Wednesday, 2 April 2014: 4:30 PM
Garden Ballroom (Town and Country Resort )
Handout (6.2 MB) Handout (6.1 MB)
Although the greatest variance in convection associated with the Madden Julian Oscillation (MJO) occurs over the Indo-Pacific warm pool, the MJO is associated with substantial circulation patterns in the tropics and the extratropics of the Western Hemisphere. Reanalysis data suggest that upper tropospheric easterly wind anomalies on the equator between 40°W and 140°W precede 86% of active convective phases of MJO events greater than one standard deviation in amplitude over the Indian basin during the Northern Hemisphere winter.
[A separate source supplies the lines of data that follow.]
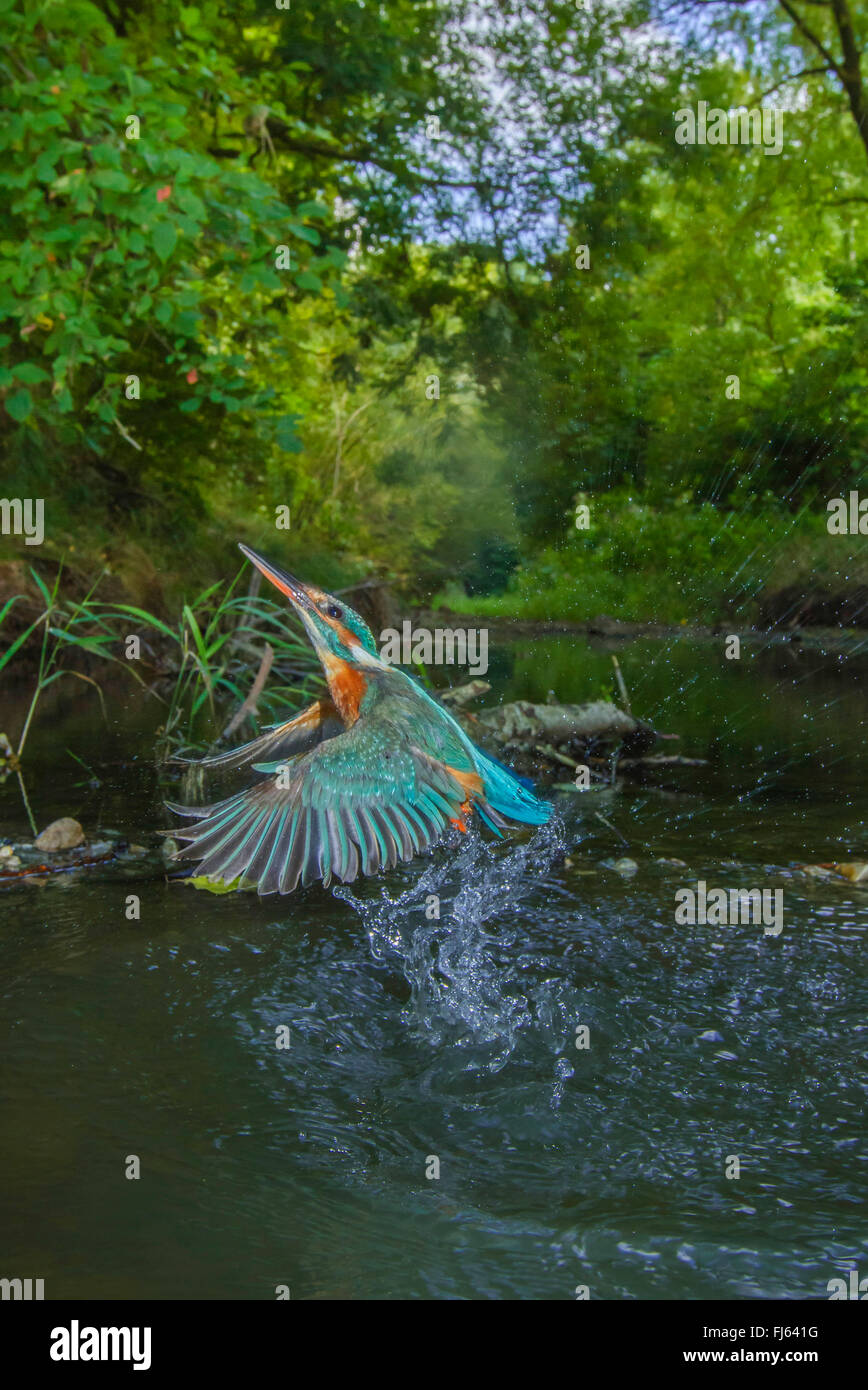 river kingfisher (Alcedo atthis), female, starting from a small river after unsuccessful hunting , Germany, Bavaria, Isental Stock Photo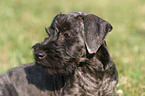 Cesky Terrier Puppy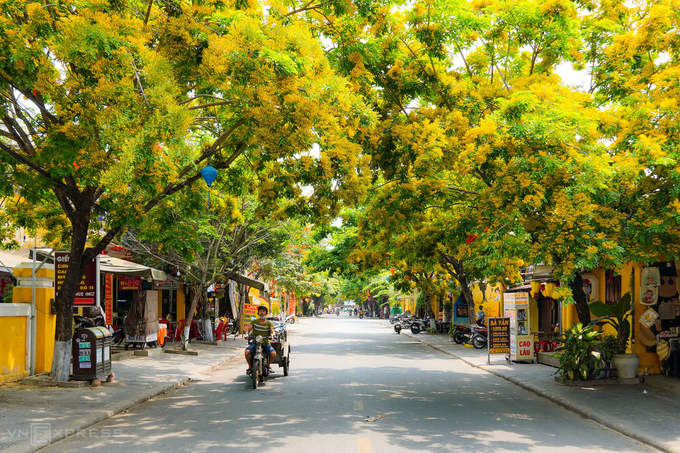 Hai bên đường Phan Chu Trinh rợp sắc hoa sưa Hội An vàng rực rỡ. Nhiếp ảnh gia Đỗ Anh Vũ (Hội An), tác giả bộ ảnh, cho biết ở phố cổ có 2 tuyến đường chính trồng hoa sưa là Nguyễn Huệ và Phan Chu Trinh, mỗi nơi có 20 cây.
Composites of those MJO events that are preceded by westerly wind anomalies and those events preceded by easterly wind anomalies are compared. Results show that those events that are preceded by westerly wind anomalies fail to thrive and do not yield the amplitude in convection nor the canonical atmospheric circulation response that is associated with those that are preceded by easterly wind. The composite of events preceded by easterly winds reveals that these winds amplify coincident with arrival of an anticyclone into the tropics from a wave train that extends across the middle latitudes of the Pacific Ocean and North America. The resultant easterlies then radiate eastward across Africa to the Indian basin at the phase speed of convectively coupled Kelvin waves, where they are joined by other anticyclones propagating into the tropics, apparently facilitating westward outflow from the amplifying Indian basin convection.